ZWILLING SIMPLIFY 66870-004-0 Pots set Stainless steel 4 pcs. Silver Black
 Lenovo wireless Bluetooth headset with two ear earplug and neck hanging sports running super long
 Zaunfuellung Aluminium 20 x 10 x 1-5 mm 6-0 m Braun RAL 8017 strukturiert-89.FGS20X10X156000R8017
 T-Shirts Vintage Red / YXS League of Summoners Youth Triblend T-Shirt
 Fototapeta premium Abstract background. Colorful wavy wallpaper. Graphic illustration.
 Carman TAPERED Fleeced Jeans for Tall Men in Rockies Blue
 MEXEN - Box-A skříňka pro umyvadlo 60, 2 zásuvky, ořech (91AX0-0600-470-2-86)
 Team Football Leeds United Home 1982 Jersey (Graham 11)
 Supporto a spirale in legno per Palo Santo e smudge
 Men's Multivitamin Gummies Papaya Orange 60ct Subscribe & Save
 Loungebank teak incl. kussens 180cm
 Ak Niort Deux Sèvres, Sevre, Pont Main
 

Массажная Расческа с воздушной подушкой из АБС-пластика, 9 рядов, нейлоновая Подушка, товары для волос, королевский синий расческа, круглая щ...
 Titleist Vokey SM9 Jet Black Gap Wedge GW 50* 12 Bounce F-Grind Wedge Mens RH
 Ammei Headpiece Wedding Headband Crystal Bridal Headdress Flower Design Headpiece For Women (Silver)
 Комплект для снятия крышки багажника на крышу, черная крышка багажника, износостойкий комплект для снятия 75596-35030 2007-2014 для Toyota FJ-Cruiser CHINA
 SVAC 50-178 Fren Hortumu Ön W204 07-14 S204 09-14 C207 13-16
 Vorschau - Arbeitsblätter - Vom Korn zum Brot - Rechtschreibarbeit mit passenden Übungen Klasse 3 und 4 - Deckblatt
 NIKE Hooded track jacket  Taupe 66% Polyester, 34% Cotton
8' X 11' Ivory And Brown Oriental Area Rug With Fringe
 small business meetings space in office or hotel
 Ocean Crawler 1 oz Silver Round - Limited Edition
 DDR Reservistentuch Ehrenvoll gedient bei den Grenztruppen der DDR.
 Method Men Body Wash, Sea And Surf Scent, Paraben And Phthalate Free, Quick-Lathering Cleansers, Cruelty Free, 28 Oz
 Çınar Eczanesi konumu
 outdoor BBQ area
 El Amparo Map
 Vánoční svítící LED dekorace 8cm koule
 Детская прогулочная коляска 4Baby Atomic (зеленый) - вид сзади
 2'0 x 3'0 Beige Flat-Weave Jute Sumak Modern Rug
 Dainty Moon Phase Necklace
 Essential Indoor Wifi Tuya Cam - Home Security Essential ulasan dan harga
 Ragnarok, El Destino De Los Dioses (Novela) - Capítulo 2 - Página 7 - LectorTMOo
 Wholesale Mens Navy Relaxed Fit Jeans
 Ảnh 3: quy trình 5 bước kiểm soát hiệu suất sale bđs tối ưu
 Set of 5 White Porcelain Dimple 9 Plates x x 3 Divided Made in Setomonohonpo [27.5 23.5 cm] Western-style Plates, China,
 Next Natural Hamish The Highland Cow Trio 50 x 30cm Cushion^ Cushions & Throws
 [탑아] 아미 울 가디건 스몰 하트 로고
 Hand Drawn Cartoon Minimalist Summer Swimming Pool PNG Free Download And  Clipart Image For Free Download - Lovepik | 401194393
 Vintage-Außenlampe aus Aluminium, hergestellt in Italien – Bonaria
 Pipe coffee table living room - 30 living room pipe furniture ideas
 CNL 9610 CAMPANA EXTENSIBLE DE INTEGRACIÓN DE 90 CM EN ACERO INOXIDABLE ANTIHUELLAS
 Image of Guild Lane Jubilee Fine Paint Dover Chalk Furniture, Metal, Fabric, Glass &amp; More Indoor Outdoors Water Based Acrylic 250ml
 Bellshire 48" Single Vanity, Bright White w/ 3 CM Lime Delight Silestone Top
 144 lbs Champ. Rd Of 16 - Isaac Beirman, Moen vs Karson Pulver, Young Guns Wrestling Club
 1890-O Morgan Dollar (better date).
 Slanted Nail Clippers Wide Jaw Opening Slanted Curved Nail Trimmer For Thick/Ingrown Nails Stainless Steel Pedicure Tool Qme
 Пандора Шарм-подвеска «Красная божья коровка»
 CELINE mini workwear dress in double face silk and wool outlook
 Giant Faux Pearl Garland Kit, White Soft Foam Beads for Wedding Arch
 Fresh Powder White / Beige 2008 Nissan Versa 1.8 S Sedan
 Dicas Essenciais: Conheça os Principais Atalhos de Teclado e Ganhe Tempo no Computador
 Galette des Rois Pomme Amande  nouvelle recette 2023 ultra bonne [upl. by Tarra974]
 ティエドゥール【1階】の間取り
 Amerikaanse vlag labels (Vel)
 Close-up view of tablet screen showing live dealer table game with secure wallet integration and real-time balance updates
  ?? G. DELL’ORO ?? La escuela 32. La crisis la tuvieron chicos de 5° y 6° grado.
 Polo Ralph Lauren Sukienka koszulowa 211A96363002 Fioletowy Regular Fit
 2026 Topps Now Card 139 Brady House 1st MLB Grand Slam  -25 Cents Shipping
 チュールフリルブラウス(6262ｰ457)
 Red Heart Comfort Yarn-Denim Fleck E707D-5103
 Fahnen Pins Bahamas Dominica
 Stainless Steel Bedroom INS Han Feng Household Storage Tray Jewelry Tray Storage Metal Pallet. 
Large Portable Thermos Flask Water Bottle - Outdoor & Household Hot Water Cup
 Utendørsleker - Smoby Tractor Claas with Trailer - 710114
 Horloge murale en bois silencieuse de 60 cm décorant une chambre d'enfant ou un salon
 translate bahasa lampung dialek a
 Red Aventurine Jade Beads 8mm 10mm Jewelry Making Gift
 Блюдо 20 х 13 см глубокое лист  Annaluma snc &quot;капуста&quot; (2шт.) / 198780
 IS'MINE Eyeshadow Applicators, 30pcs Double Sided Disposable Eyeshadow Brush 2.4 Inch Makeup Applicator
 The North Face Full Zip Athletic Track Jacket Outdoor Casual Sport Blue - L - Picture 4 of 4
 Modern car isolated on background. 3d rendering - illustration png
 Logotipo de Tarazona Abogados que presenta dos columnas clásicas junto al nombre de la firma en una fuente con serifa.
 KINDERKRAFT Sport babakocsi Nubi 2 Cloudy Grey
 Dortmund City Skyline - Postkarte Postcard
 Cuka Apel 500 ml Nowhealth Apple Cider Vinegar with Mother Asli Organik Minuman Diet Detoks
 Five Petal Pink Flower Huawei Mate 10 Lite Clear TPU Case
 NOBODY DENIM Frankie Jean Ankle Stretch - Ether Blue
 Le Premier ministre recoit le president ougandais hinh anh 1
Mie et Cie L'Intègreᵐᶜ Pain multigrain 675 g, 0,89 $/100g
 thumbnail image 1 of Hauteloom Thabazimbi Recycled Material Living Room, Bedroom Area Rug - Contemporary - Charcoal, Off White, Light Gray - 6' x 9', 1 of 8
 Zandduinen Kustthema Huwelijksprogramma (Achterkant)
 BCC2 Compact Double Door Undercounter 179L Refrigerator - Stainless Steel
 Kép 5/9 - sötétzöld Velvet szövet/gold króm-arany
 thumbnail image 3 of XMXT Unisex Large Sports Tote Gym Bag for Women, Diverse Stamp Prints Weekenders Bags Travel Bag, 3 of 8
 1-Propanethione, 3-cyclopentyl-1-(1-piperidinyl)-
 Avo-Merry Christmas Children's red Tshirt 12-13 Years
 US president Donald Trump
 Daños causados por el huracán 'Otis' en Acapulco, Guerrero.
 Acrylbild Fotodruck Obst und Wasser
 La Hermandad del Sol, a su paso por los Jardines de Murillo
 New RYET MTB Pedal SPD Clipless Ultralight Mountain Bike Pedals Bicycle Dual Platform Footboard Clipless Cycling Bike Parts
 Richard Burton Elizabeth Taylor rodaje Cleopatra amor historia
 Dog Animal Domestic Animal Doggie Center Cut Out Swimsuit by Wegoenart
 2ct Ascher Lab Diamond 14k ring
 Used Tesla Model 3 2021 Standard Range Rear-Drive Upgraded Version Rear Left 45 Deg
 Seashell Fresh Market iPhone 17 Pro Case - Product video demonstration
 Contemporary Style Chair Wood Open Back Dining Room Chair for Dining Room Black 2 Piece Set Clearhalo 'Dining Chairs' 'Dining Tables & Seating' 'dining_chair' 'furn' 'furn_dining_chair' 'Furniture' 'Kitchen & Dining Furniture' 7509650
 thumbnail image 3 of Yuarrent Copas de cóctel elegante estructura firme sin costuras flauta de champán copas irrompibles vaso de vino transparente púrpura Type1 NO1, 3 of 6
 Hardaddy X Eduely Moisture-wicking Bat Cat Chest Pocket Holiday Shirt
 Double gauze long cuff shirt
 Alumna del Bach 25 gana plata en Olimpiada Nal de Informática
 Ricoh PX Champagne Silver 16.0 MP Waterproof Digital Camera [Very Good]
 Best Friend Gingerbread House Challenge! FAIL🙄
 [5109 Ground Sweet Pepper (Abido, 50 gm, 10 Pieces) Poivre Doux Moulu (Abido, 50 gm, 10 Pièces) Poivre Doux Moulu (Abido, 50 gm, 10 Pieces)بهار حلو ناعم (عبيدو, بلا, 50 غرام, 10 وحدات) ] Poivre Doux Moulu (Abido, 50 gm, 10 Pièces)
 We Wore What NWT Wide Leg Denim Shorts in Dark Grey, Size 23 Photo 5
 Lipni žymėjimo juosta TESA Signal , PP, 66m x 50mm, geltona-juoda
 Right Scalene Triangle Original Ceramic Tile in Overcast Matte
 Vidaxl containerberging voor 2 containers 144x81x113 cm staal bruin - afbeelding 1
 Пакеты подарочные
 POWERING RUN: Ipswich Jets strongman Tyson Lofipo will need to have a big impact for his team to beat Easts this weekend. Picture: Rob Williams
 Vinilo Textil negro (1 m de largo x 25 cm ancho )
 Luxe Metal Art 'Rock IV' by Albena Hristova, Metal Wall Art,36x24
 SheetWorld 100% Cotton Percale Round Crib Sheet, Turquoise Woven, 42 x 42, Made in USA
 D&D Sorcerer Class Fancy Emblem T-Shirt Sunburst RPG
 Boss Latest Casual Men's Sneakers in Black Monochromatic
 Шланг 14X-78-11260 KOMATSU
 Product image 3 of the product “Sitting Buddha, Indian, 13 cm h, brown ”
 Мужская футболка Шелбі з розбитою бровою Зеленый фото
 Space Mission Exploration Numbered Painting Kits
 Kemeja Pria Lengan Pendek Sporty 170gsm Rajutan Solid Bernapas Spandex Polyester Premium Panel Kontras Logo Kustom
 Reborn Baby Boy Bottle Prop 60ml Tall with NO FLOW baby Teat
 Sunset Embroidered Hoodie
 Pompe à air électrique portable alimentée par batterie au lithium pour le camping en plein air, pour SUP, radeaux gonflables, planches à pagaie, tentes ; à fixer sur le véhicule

Problem statement » Write out exactly the lines above between the line with "Zandduinen Kustthema Huwelijksprogramma" and the line with "Contemporary Style Chair", inclusive, and nothing beyond them.

Answer box »
 Zandduinen Kustthema Huwelijksprogramma (Achterkant)
 BCC2 Compact Double Door Undercounter 179L Refrigerator - Stainless Steel
 Kép 5/9 - sötétzöld Velvet szövet/gold króm-arany
 thumbnail image 3 of XMXT Unisex Large Sports Tote Gym Bag for Women, Diverse Stamp Prints Weekenders Bags Travel Bag, 3 of 8
 1-Propanethione, 3-cyclopentyl-1-(1-piperidinyl)-
 Avo-Merry Christmas Children's red Tshirt 12-13 Years
 US president Donald Trump
 Daños causados por el huracán 'Otis' en Acapulco, Guerrero.
 Acrylbild Fotodruck Obst und Wasser
 La Hermandad del Sol, a su paso por los Jardines de Murillo
 New RYET MTB Pedal SPD Clipless Ultralight Mountain Bike Pedals Bicycle Dual Platform Footboard Clipless Cycling Bike Parts
 Richard Burton Elizabeth Taylor rodaje Cleopatra amor historia
 Dog Animal Domestic Animal Doggie Center Cut Out Swimsuit by Wegoenart
 2ct Ascher Lab Diamond 14k ring
 Used Tesla Model 3 2021 Standard Range Rear-Drive Upgraded Version Rear Left 45 Deg
 Seashell Fresh Market iPhone 17 Pro Case - Product video demonstration
 Contemporary Style Chair Wood Open Back Dining Room Chair for Dining Room Black 2 Piece Set Clearhalo 'Dining Chairs' 'Dining Tables & Seating' 'dining_chair' 'furn' 'furn_dining_chair' 'Furniture' 'Kitchen & Dining Furniture' 7509650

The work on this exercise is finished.